Fire authorities often insists for the provision of helipads on tall buildings, for the purposes of both occupant evacuation and firefighting operations. As per NBC, 2005, Part-4 Annex C-10, provision for helipad should be made for high rise buildings above 60 m in height. However, use of helicopters have many limitations, like: the number of people that can be evacuated by helicopter in a single trip is usually relatively small; the rescue operation must be carefully planned and executed; the landing of helicopter on the roof of a burning building is, in itself, an extremely dangerous operation; lack of visibility due to smoke or high winds could make it difficult for the helicopter to land.

5.0 CONCLUSION

In India, every year about 20,000 persons die in fires.

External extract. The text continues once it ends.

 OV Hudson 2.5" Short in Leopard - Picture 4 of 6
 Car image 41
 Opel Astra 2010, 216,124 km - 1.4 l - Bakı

Fire Safety is one of the prime importance of the day. High rise building have been rising day by day in city skylines of India. The tall buildings have unique features, which can adversely affect the fire safety of a building. In every tall buildings, evacuation via stairways might be impracticable. Thus, many new strategies have been developed for safe evacuation of high rise buildings and amongst them phased evacuation may be more appropriate. Similarly many new rescue devices are also available. NFPA and ASTM has recognized some of the escape devices as supplemental evacuation devices. The use of such devices may not be recommended as a permanent alternative to the use of stairways or elevators.